=== GIVEN DATA ===

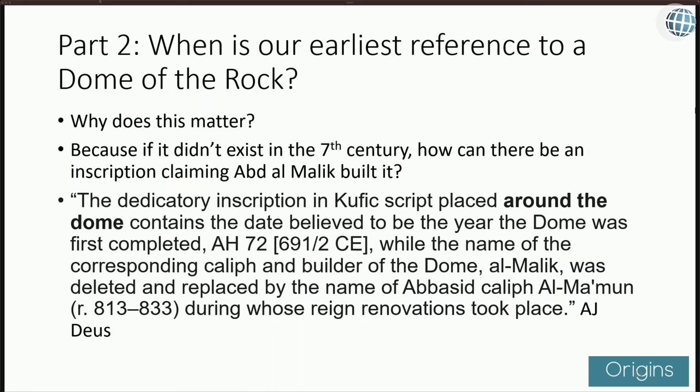We're so thankful for the research by A.G. Deuce that you brought to our attention. Walk us through the continuation of Deuce's argument. In today's episode, we're going to be looking at when is our earliest reference to the Dome of the Rock. Why it matters is because if it didn't exist in the 7th century, how can there be an inscription claiming Abdul Malik built it?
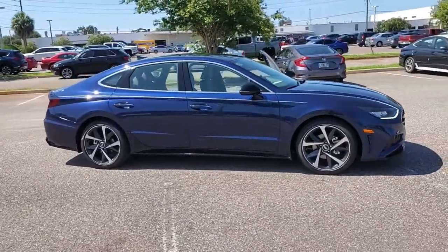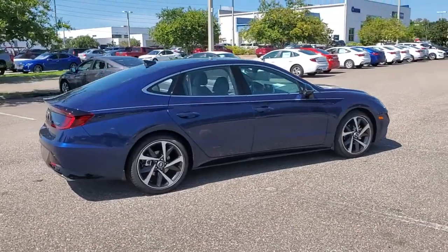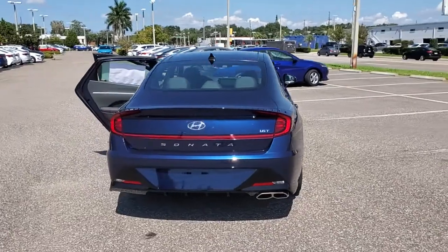You'll have love at first sight with the 2022 Hyundai Sonata. Whether you're commuting or cruising country roads, this smooth and spacious Sonata makes travel a treat.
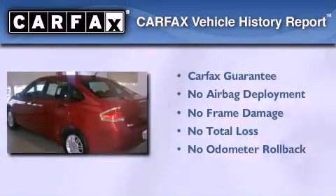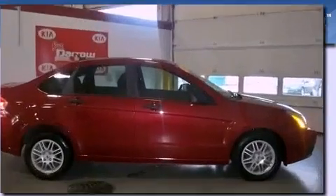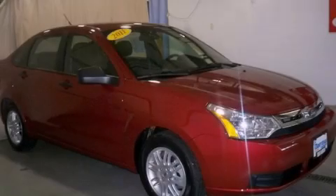Not to mention that this Ford qualifies for the Carfax buy-back guarantee. This vehicle won't last long at this price — call and arrange a test drive now.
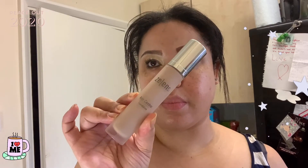Hey guys, today I'm going to be trying out for the first time the Zellens Age Control Foundation. I tried a tester of this and I really liked it, so I went and got the full size. I got it in the Black Friday sale. This foundation retails for £67 and I did get it discounted in the Black Friday sale.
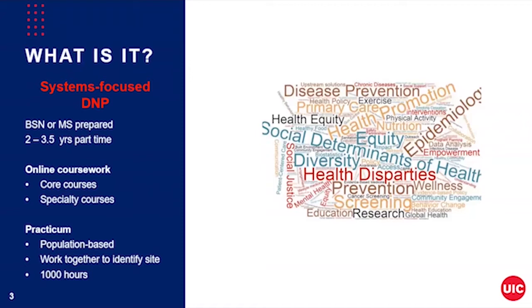Our program is for BSN or MSN prepared nurses, and depending on your preparation, it'll take between two to three and a half years of part-time study. Part-time means two courses in each of our semesters — fall, spring, and summer. We offer online coursework that can work with your busy schedule. The college has made a commitment to having all of our core courses online, and as a program, we've continued that commitment, making the didactic coursework available online as well.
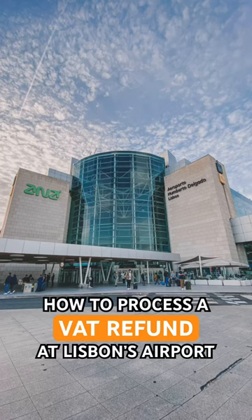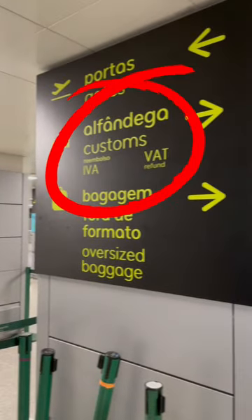Here's how to process a VAT refund at Lisbon's Airport. Once you arrive at Terminal 1, you should see signs for VAT refund just before the security checkpoint.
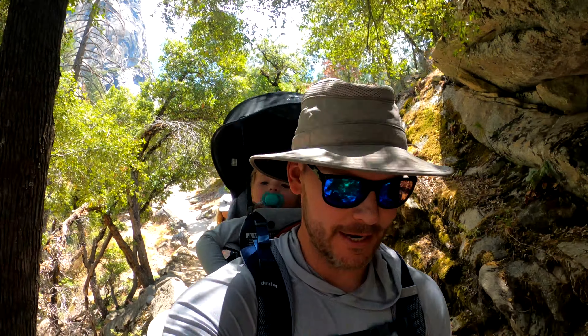We just came down the right side of Vernal Fall — if you're coming from the top, that side is very steep and slippery. So if you're going to do this hike, I wouldn't recommend going down it with a baby or child along. It's pretty steep.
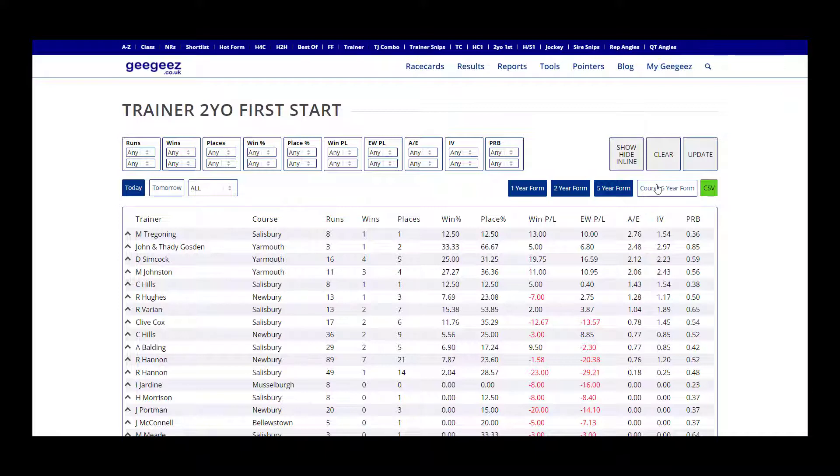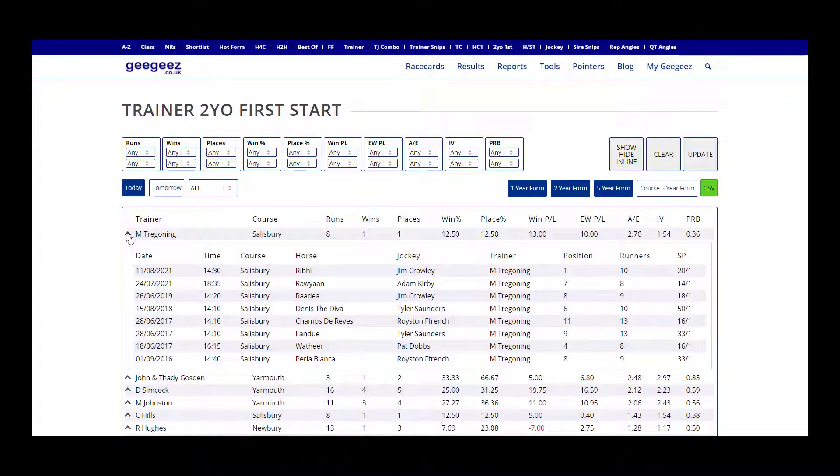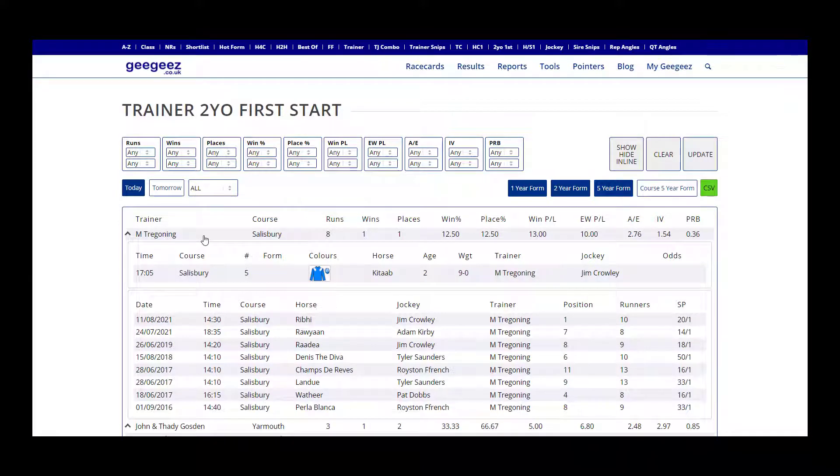If you click on the arrow it will show previous runners, and if you click on the trainer name it will show any qualifying runners for today. Use the Trainer Two-Year-Old First Start Report to avoid the guesswork and find the two-year-old debutants that are most likely to run well and be profitable to follow.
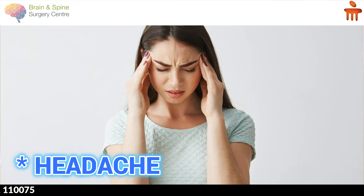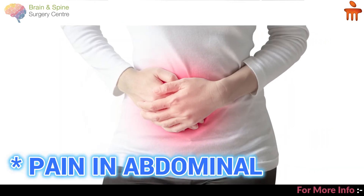Their symptoms largely depend on their location and whether they are producing any hormone or not. Based on location, you can have a lump in your abdomen, headaches, pain in your abdomen, or weight loss.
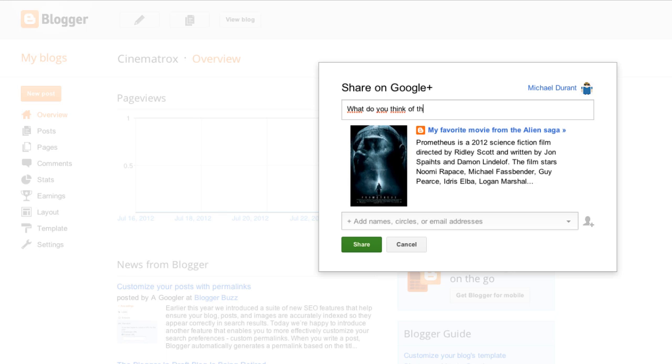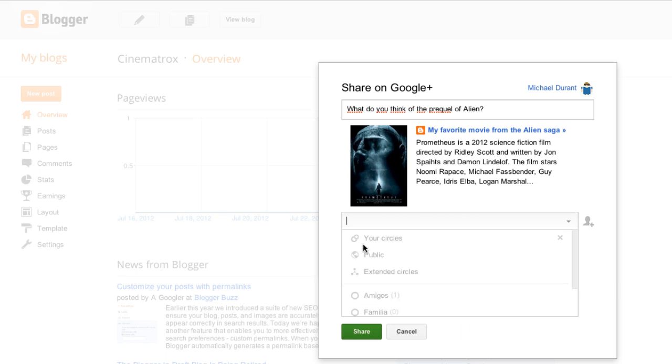Right after publishing in your blog, the post will be automatically pre-populated in a Google Plus share box. Share the review of the last movie you watched with your circles and, who knows, maybe other cinema lovers start reading and sharing your blog with other users.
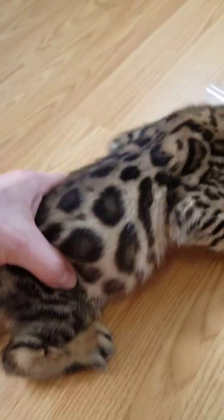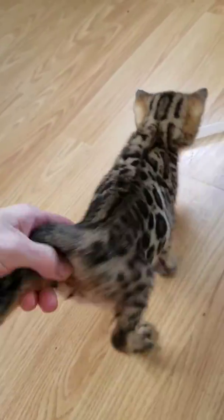Slow her down here a minute so you can see. Really pretty girl. Can I see her face?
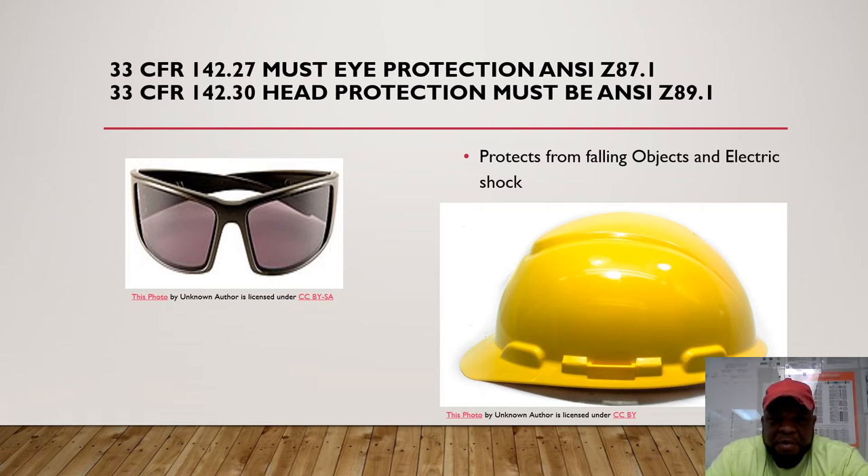Under 33 CFR 142.27, eye protection must be ANSI Z87 approved — shatterproof and protecting from any projectiles, sparks, and chemicals that can go into your eyes.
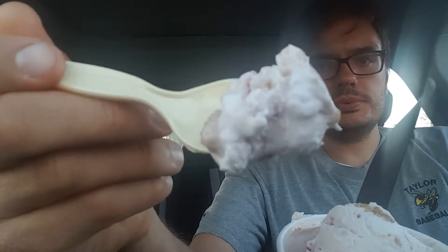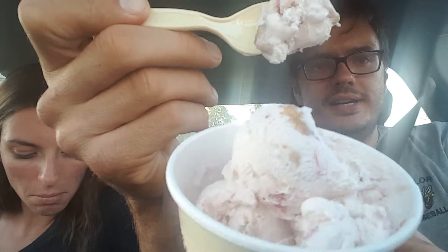Tonight, from Graeter's, we are trying the limited edition — I don't know if you can still get it, it's August 11th — this is the strawberry cheesecake. I have tried this, but Lauren hasn't yet. I've had it once. I want to hear what you think. Here's a look at the scoop and the cone.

===

An exact transcription is needed of the lines from the one with "You'll have love" to the one with "We just came" above, both ends included, with pictures left out.

You'll have love at first sight with the 2022 Hyundai Sonata. Whether you're commuting or cruising country roads, this smooth and spacious Sonata makes travel a treat.
Not to mention that this Ford qualifies for the Carfax buy-back guarantee. This vehicle won't last long at this price — call and arrange a test drive now.
Hey guys, today I'm going to be trying out for the first time the Zellens Age Control Foundation. I tried a tester of this and I really liked it, so I went and got the full size. I got it in the Black Friday sale. This foundation retails for £67 and I did get it discounted in the Black Friday sale.
Our program is for BSN or MSN prepared nurses, and depending on your preparation, it'll take between two to three and a half years of part-time study. Part-time means two courses in each of our semesters — fall, spring, and summer. We offer online coursework that can work with your busy schedule. The college has made a commitment to having all of our core courses online, and as a program, we've continued that commitment, making the didactic coursework available online as well.
Here's how to process a VAT refund at Lisbon's Airport. Once you arrive at Terminal 1, you should see signs for VAT refund just before the security checkpoint.
We just came down the right side of Vernal Fall — if you're coming from the top, that side is very steep and slippery. So if you're going to do this hike, I wouldn't recommend going down it with a baby or child along. It's pretty steep.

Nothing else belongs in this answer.